I'm disappointed with Stockfish dev.

Discussion of anything and everything relating to chess playing software and machines.

Moderator: Ras

CornfedForever
Posts: 648
Joined: Mon Jun 20, 2022 4:08 am
Full name: Brian D. Smith

Re: I'm disappointed with Stockfish dev.

Post by CornfedForever »

syzygy wrote: Sat Feb 18, 2023 6:50 pm
Eduard wrote: Tue Feb 14, 2023 8:12 amBut: Can someone show me where the progress is based on practical positions? What can the new network do better than the old one (before Linrock)?
It has been known since forever that engine progress cannot be measured on single positions. You need to play games, MANY MANY games.
While what you say has traditionally made sense, remember that it's not the playability of the engine (all the developmental tweaks TO THE ENGINE each week) people 'seem' to be complaining about but rather the nets. I may not agree with a lot of what Eduard says, but here perhaps he has a point.
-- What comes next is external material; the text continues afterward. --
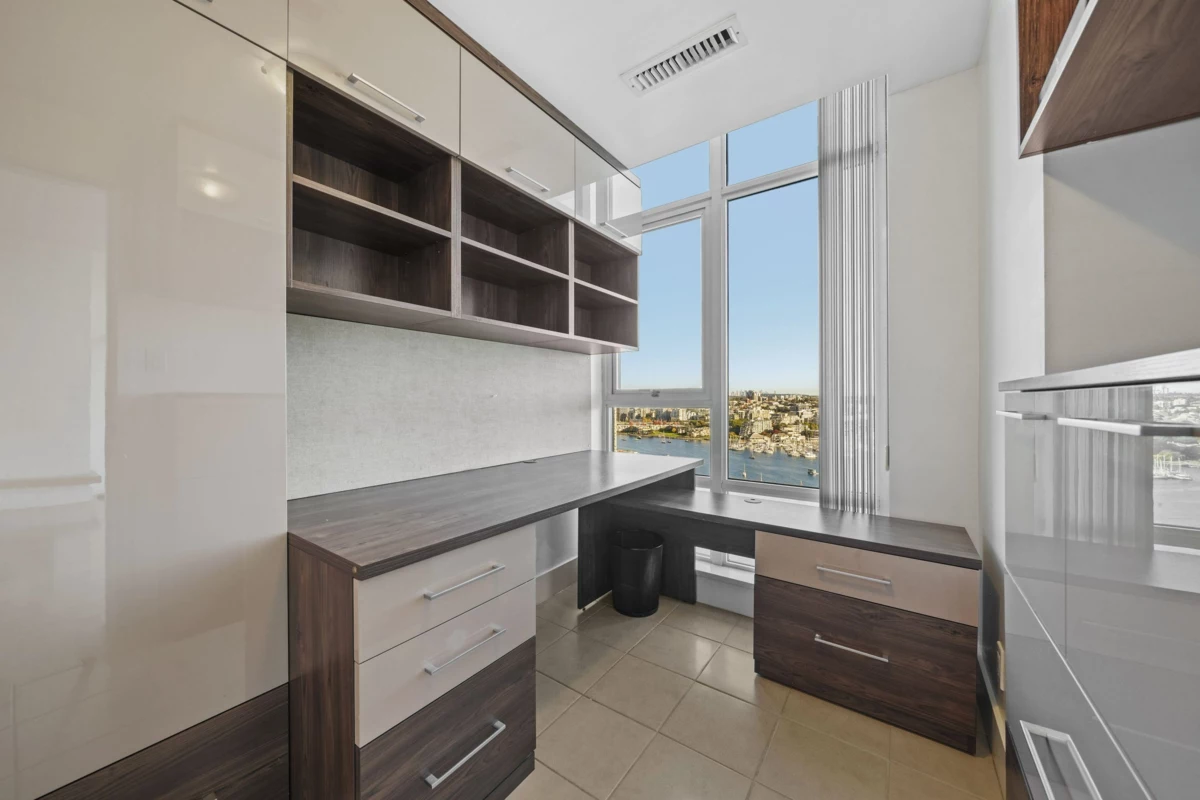 Walk-In Closet Photo of 2503 1483 Homer Street, Vancouver, BC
Picking a BIG, DIVERSE, FIXED set of middle game 'control' positions of various kinds ( how you vet this set, I'm not sure...) to test an engines evaluation (and thus the move/path forward it would chose) of those positions across nets...would at least take all the 'game play' aspects out of the mix. Perhaps the constant release of new developmental versions with both engine and NNUE changes intertwined...results in 'bad control' where it would seem harder to evaluate if it's the net or the engine change(s) and....sometime even how they interact with each net which results in a little + or - in the ELO used to judge the worth of each developmental release.

I realize though that I may be wrong and Team SF has sufficient controls in place.
Sopel
Posts: 391
Joined: Tue Oct 08, 2019 11:39 pm
Full name: Tomasz Sobczyk

Re: I'm disappointed with Stockfish dev.

Post by Sopel »

The improvements of Stockfish are precise and reproducible given a significant sample size. You see issues because you expect Stockfish to be better on all positions and selectively choose ones that it regressed on (and recently you also have to selective choose a time control).
dangi12012 wrote:No one wants to touch anything you have posted. That proves you now have negative reputations since everyone knows already you are a forum troll.
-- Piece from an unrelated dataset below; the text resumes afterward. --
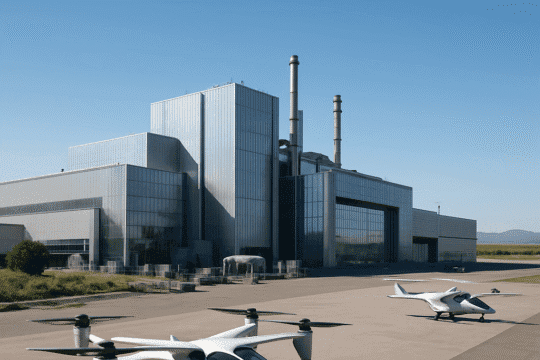 Joby Aviation $JOBY Targets 500 eVTOL Aircraft Yearly for Urban Mobility Growth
Maybe you copied your stockfish commits from someone else too?
I will look into that.
syzygy
Posts: 5694
Joined: Tue Feb 28, 2012 11:56 pm

Re: I'm disappointed with Stockfish dev.

Post by syzygy »

Uri Blass wrote: Sat Feb 18, 2023 7:32 pm
syzygy wrote: Sat Feb 18, 2023 6:50 pm
Eduard wrote: Tue Feb 14, 2023 8:12 amBut: Can someone show me where the progress is based on practical positions? What can the new network do better than the old one (before Linrock)?
It has been known since forever that engine progress cannot be measured on single positions. You need to play games, MANY MANY games.
I agree that you need to play many games to measure progress but
If the engine play better then it means that there are positions that it play better moves and Eduard asked for these positions.
Sure, but you cannot pick a position and expect that an improved engine will do better on that position.
And given an improved engine, you can always cherry pick a position on which it happens to do worse.
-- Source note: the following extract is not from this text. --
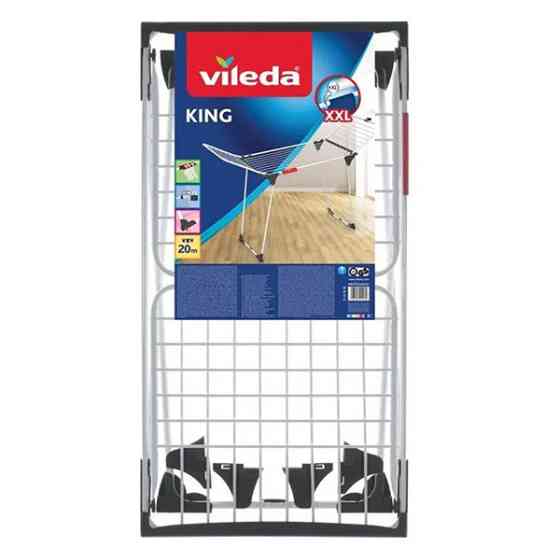Сушилка для белья Кінг (King) 20м Vileda, 1 шт. Киев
Individual positions are not interesting if we talk about the strength of an engine.
Tests are only at bullet time control and usually with biased book UHO_XXL_+0.90_+1.19.epd
There is no other way.
We cannot run 100,000 games at 40 moves per 2 hours to test a change.
But it is possible to complain about this until the heat death of the universe, and so people will do that.
syzygy
Posts: 5694
Joined: Tue Feb 28, 2012 11:56 pm

Re: I'm disappointed with Stockfish dev.

Post by syzygy »

CornfedForever wrote: Sat Feb 18, 2023 7:51 pmWhile what you say has traditionally made sense, remember that it's not the playability of the engine (all the developmental tweaks TO THE ENGINE each week) people 'seem' to be complaining about but rather the nets. I may not agree with a lot of what Eduard says, but here perhaps he has a point.
A new net is a patch like any other patch.
abgursu
Posts: 92
Joined: Thu May 14, 2020 3:34 pm
Full name: A. B. Gursu

Re: I'm disappointed with Stockfish dev.

Post by abgursu »

syzygy wrote: Sat Feb 18, 2023 10:09 pm
CornfedForever wrote: Sat Feb 18, 2023 7:51 pmWhile what you say has traditionally made sense, remember that it's not the playability of the engine (all the developmental tweaks TO THE ENGINE each week) people 'seem' to be complaining about but rather the nets. I may not agree with a lot of what Eduard says, but here perhaps he has a point.
A new net is a patch like any other patch.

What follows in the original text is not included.